Data excerpts:
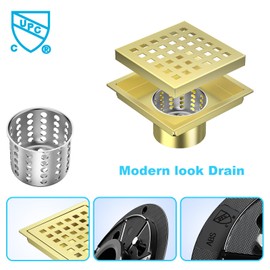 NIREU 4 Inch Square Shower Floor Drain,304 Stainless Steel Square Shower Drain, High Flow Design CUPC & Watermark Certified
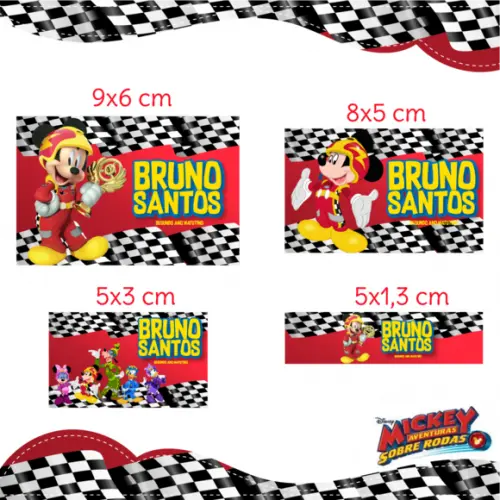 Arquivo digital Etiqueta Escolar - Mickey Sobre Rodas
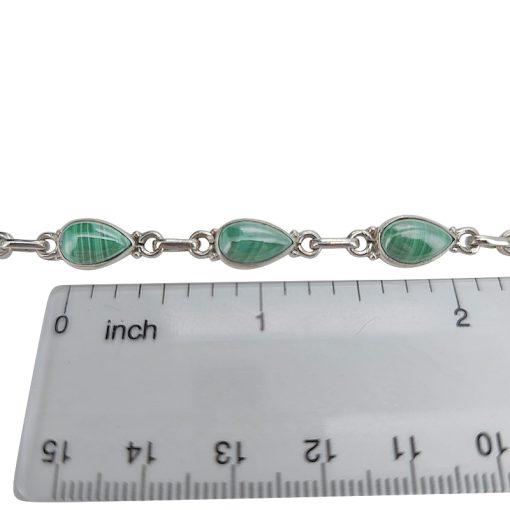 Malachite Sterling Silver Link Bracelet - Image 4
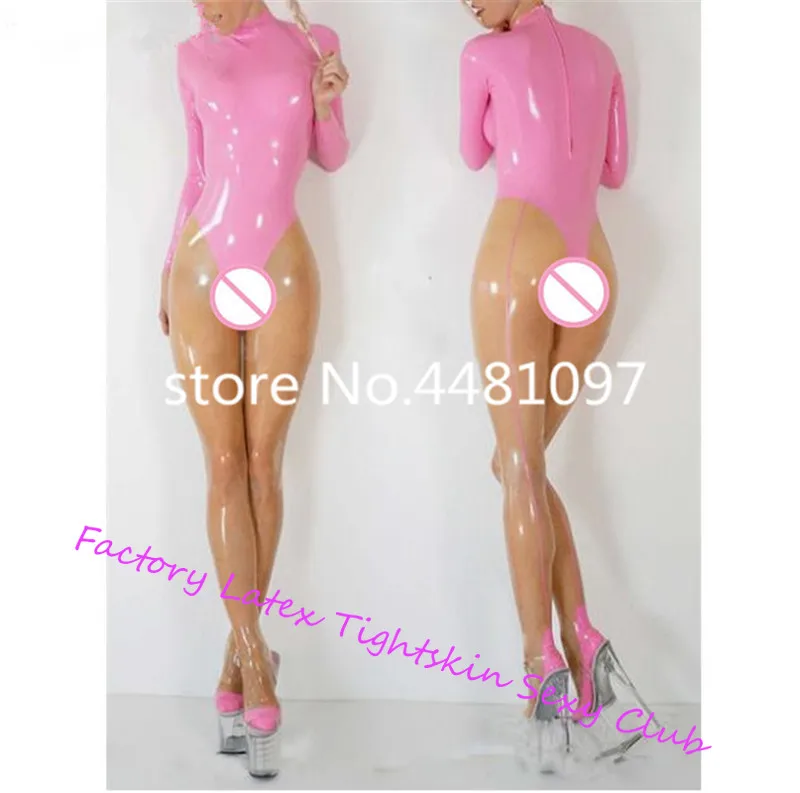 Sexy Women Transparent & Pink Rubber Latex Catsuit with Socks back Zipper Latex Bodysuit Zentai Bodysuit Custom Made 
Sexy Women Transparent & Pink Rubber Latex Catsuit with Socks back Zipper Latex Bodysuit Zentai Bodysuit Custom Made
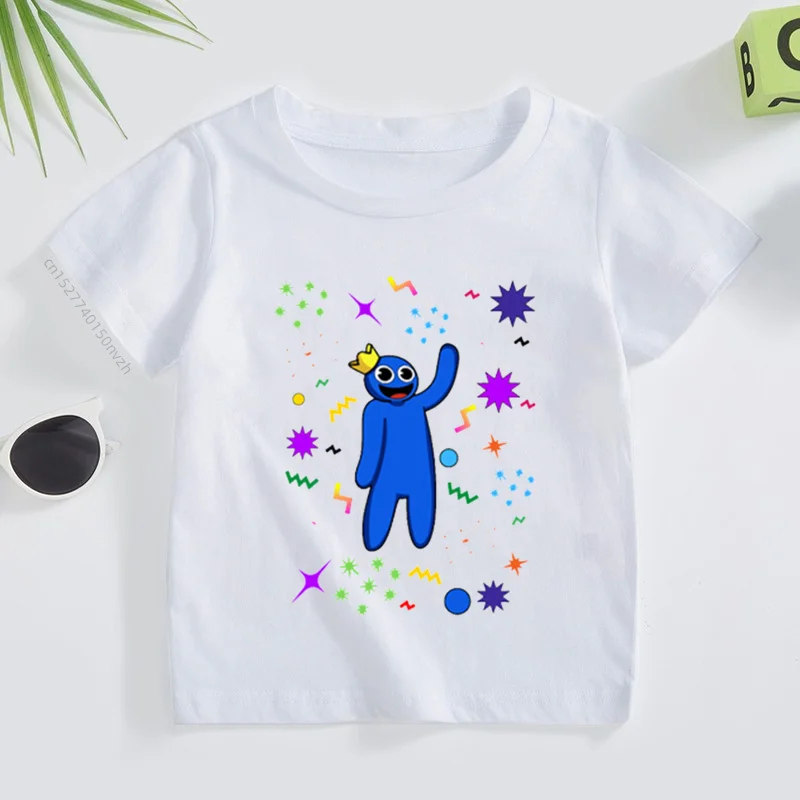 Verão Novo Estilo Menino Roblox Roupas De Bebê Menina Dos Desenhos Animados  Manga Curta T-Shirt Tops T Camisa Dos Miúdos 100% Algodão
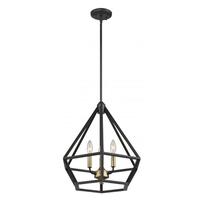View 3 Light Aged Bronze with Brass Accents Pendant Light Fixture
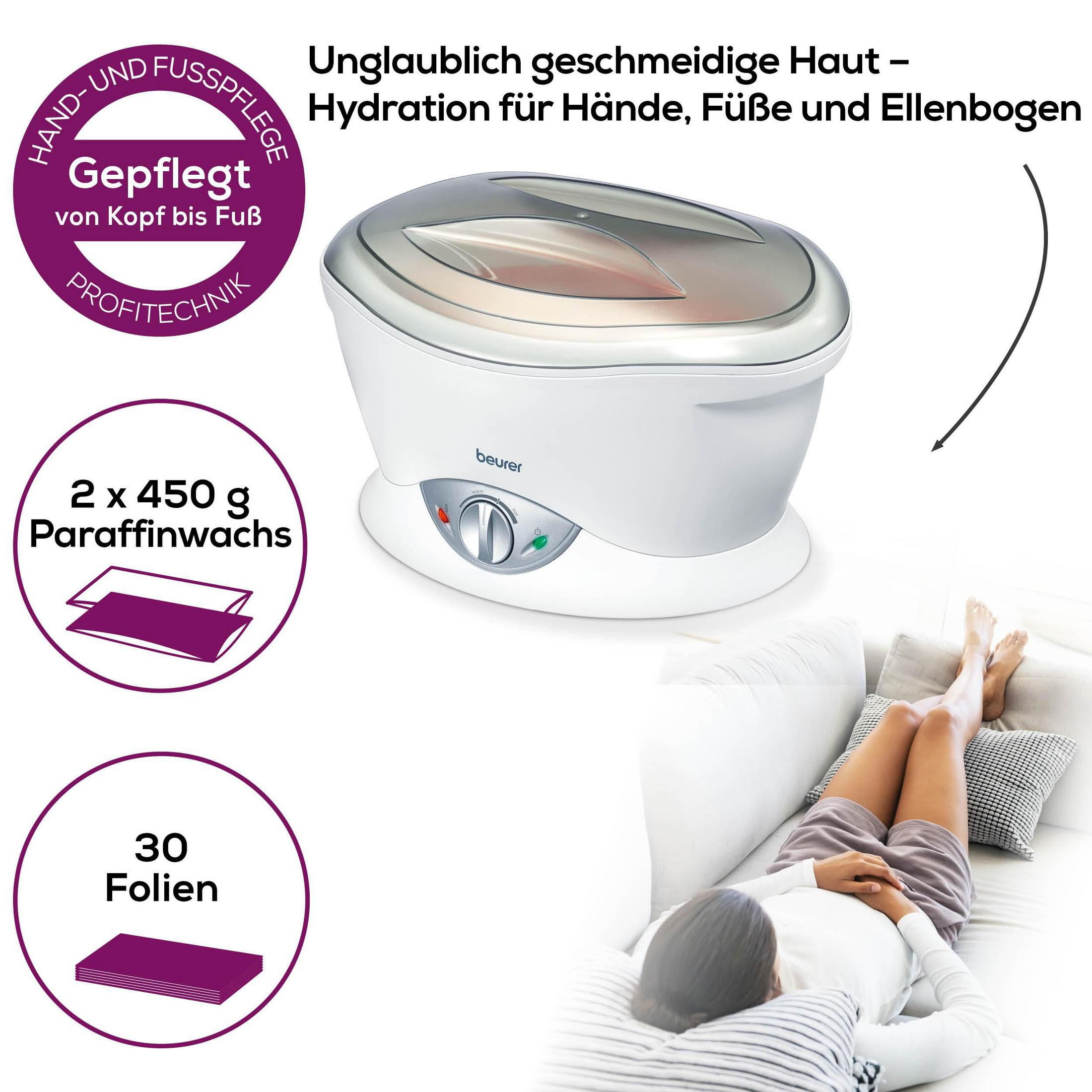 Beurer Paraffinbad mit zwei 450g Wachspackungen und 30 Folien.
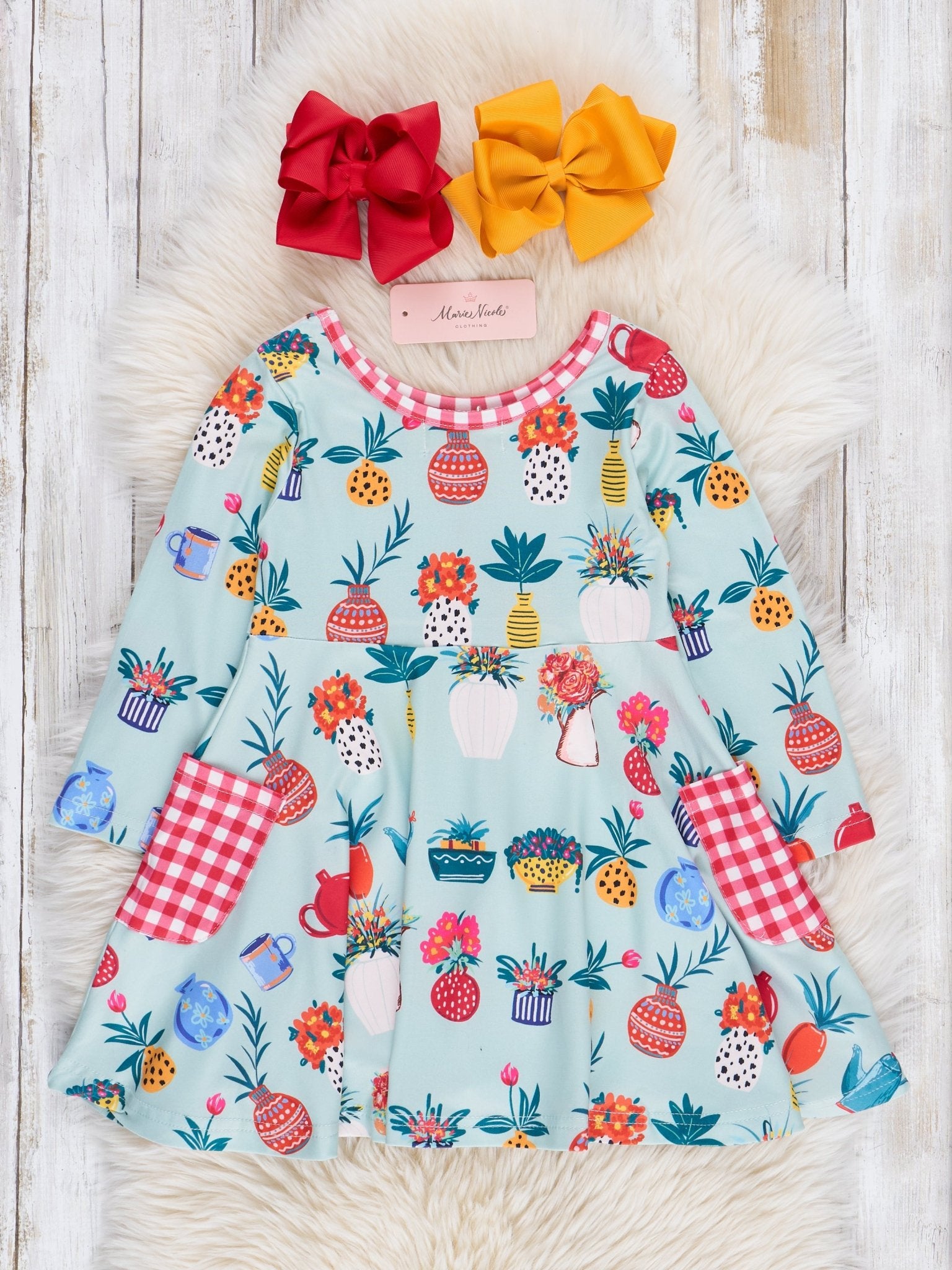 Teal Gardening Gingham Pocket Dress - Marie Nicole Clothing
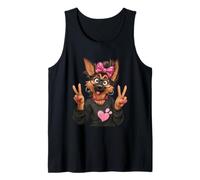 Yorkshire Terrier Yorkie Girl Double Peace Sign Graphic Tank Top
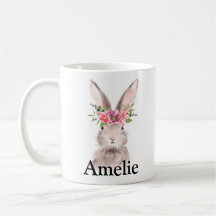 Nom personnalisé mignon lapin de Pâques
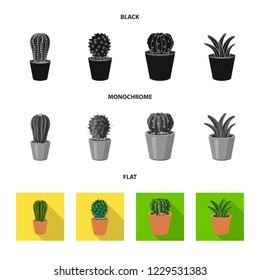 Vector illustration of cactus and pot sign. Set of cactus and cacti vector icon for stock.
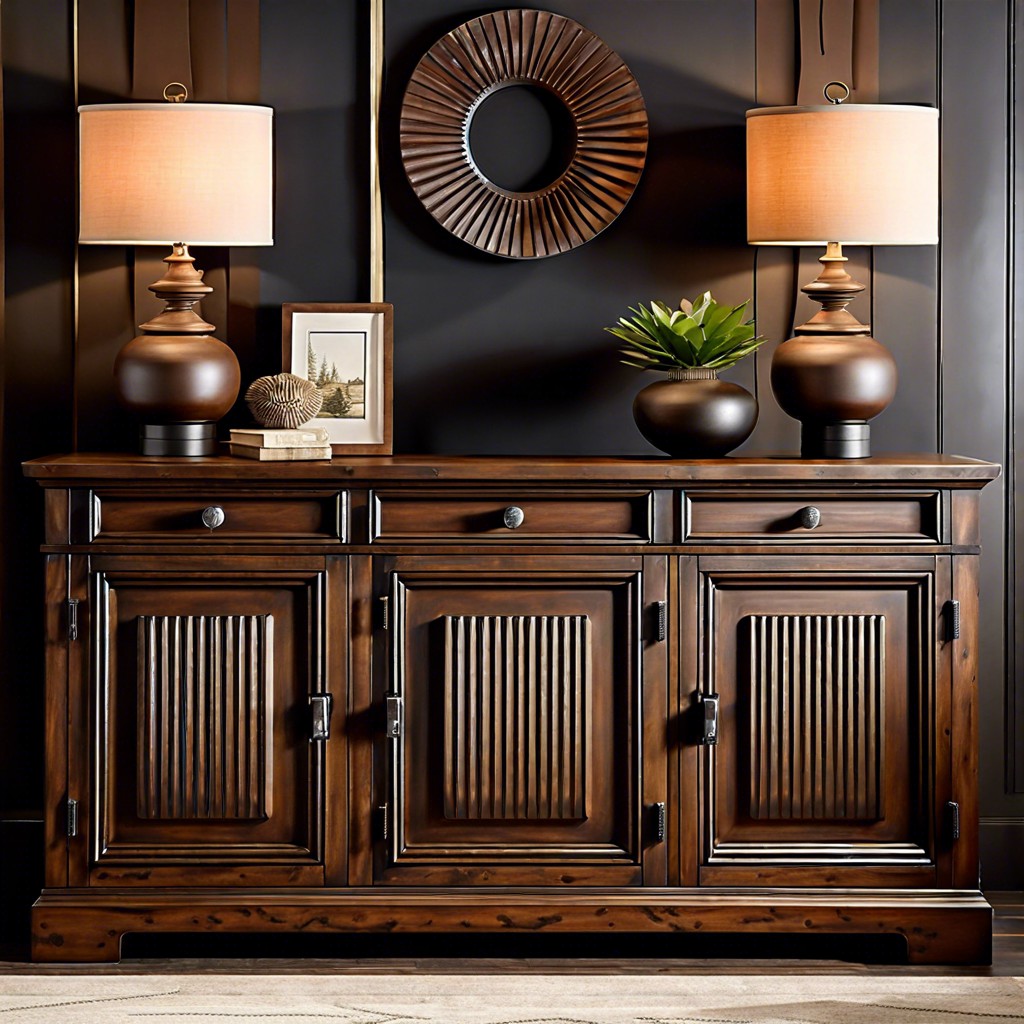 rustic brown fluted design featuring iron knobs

Instructions to follow: Repeat exactly the lines above, beginning at the one containing "View 3 Light" and ending at the one containing "Nom personnalisé mignon lapin de Pâques". Do not carry over any pictures.

The completed task:
View 3 Light Aged Bronze with Brass Accents Pendant Light Fixture
 Beurer Paraffinbad mit zwei 450g Wachspackungen und 30 Folien.
 Teal Gardening Gingham Pocket Dress - Marie Nicole Clothing
 Yorkshire Terrier Yorkie Girl Double Peace Sign Graphic Tank Top
 Nom personnalisé mignon lapin de Pâques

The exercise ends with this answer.